La Guerre, 1954
Graphite on paper
Signed “Henry Valensi”, dated “1954” and titled “La Guerre” upper right
27 x 35 cm
Provenance: former Philippe Klein collection, gallery and collector
Born in Algiers in 1883, Henry Valensi moved to Paris in 1899 with his family who encouraged him in his budding passion for painting. He received his first training at the École Nationale Supérieure des Beaux-Arts and then at the Académie Julian, which he joined in 1902, where he followed, among other things, the course of Jules Lefebvre (1834-1912). He joined the Society of Independent Artists in 1908 and exhibited regularly at the Salon. The first paintings he presented there were still in a post-impressionist vein.
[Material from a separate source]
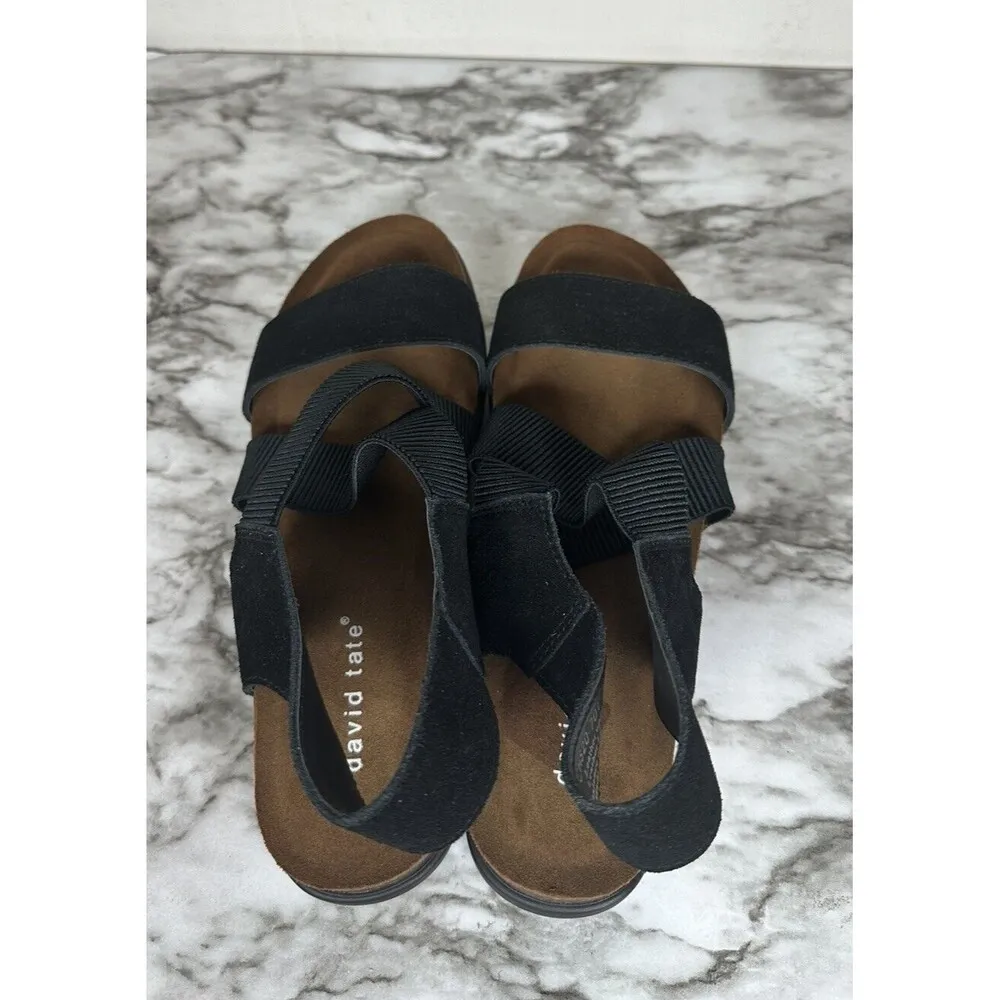 David Tate Womens Size 8 Clear Suede Slingback Wedge Strappy Sandals Shoes - Image 3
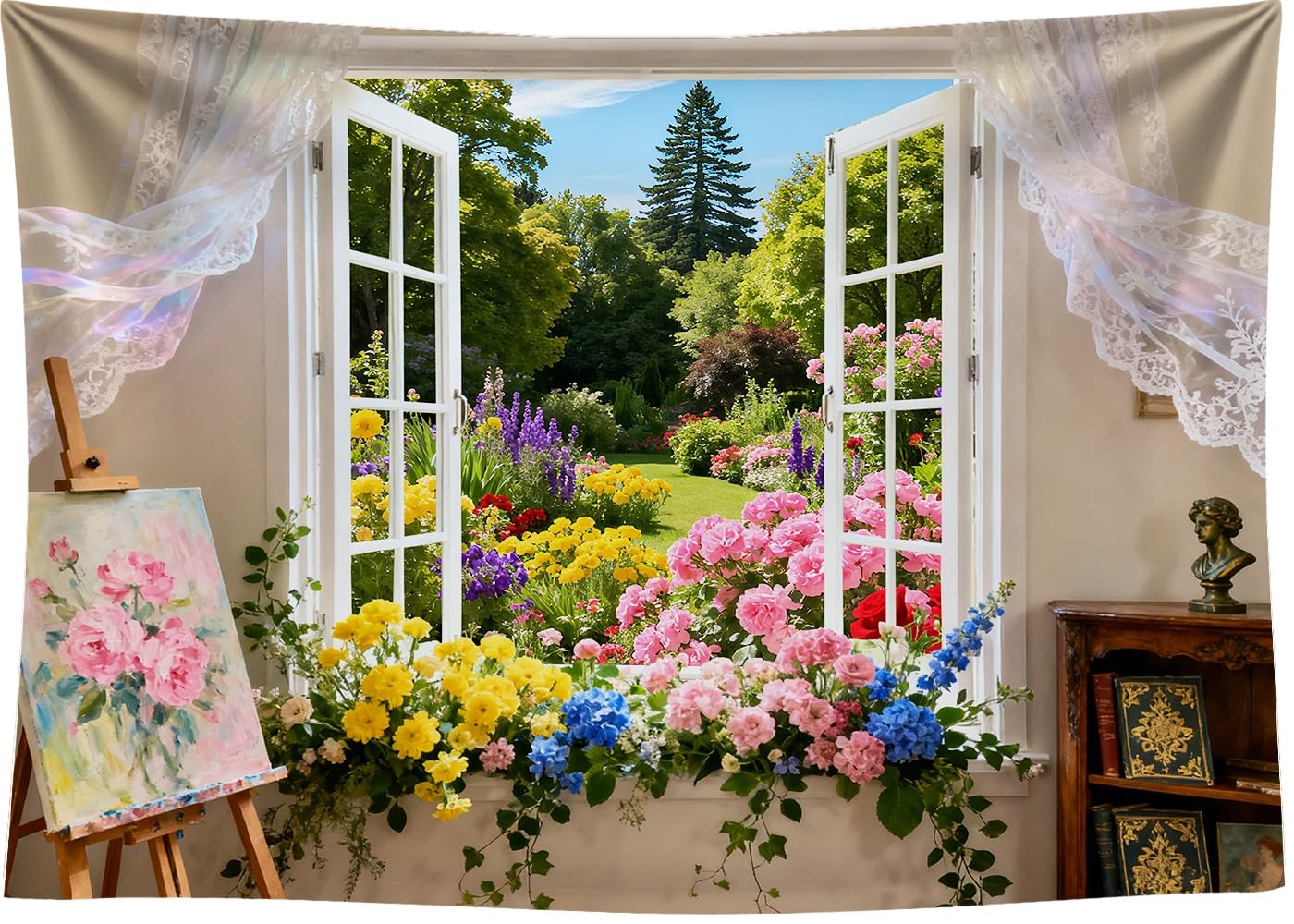 Spring Summer Garden White Window Blooming Flowers Curtain Backdrop 7×5 FT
Anxious to renew pictorial art by freeing the artist from a vision that would be purely objective, Henry Valensi quickly developed a more personal style. He shares the reflections of avant-garde artists of his time in a context of intellectual and scientific effervescence. Close to the Puteaux Group formed in 1911 around Marcel Duchamp, Henry Valensi took part in the Salon of the legendary Golden Section inaugurated in 1912 alongside artists such as Jean Metzinger, Albert Gleizes and Jacques Villon. Unconcerned about making a living from his art, the young artist is on the fringes of the market. After the First World War, he traveled through Europe as far as Russia and traveled around the Mediterranean basin. He will say: “all my trips were for my work”. Over the course of his escapades, the landscapes he painted turned towards abstraction and incorporated a form of movement in the vein of the Italian futurists (ill.1). He also develops an obsession with geometry and the search for utopian views. In 1923, an exhibition was dedicated to him in Rome by Filippo Tommaso Marinetti (1876-1944), theoretician and founder of futurism.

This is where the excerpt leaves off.